In 1969, Laver won all four Grand Slam tournaments in the same calendar year for the second time, sealing the achievement with a four-set win over Roche in the US Open final. He won 18 of the 32 singles tournaments he entered (still the Open Era titles record) and compiled a 106–16 win–loss record. In beating Newcombe in four sets in the Wimbledon final, he captured the title at the All England Club for the fourth consecutive time that he had entered the tournament (and reached the final for the sixth consecutive time as he had been runner-up in 1959 and 1960). He set a record of 31 consecutive match victories at Wimbledon between 1961 and 1970, which lasted until 1980 when it was eclipsed by Björn Borg. Unlike his first Grand Slam year in 1962, Laver in 1969 played in events open to all the best professional and amateur players of the world. In the year's Grand Slam tournaments, Laver had five five-set-matches, twice coming back from two sets down in early rounds. In the four finals, however, he lost a total of only two sets. His hardest match was a marathon 90-game semifinal against Roche at the Australian Open under tropical hot conditions. Other opponents at the Australian Open included Roy Emerson, Fred Stolle, and Andrés Gimeno. At the French Open, Laver beat Gimeno, Tom Okker, and Rosewall. At Wimbledon, Laver overcame strong challenges from Stan Smith, Cliff Drysdale, Ashe, and Newcombe. At the US Open on slippery grass courts, he defeated Dennis Ralston, Emerson, Ashe, and Roche.

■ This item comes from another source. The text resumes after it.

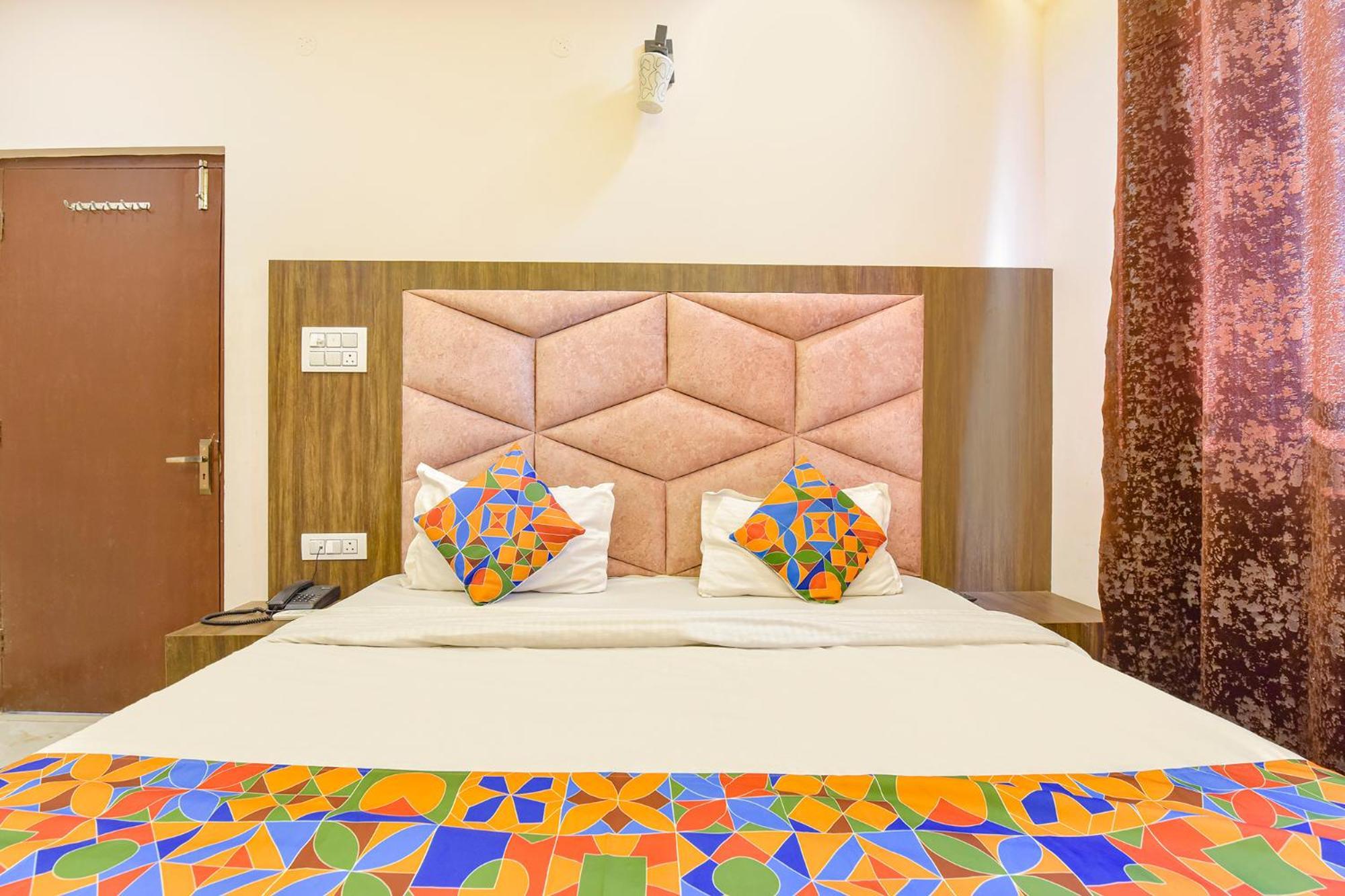 Fabhotel Dhruv Nanda Haridwār Exterior foto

Laver proved his versatility by winning the Grand Slam tournaments on grass and clay, plus the two most important hard court titles (South African Open at Ellis Park, Johannesburg and the US Professional Championships at Boston) and the leading indoor tournaments (Philadelphia US Pro Indoor and Wembley British Indoor). Laver ranked No. 1 for 1969 by the panel of 13 international journalists for the 'Martini and Rossi' Award, by Tingay, by Collins, by Tommasi, by Frank Rostron and by World Tennis.

In the early 1970s, Laver lost his grip on the major tournaments. He played only five Grand Slam tournaments from 1970 through 1972. This was partly because of his contracts with NTL and WCT. But on the WCT tours, he remained the leading player and by far the leading prize money winner.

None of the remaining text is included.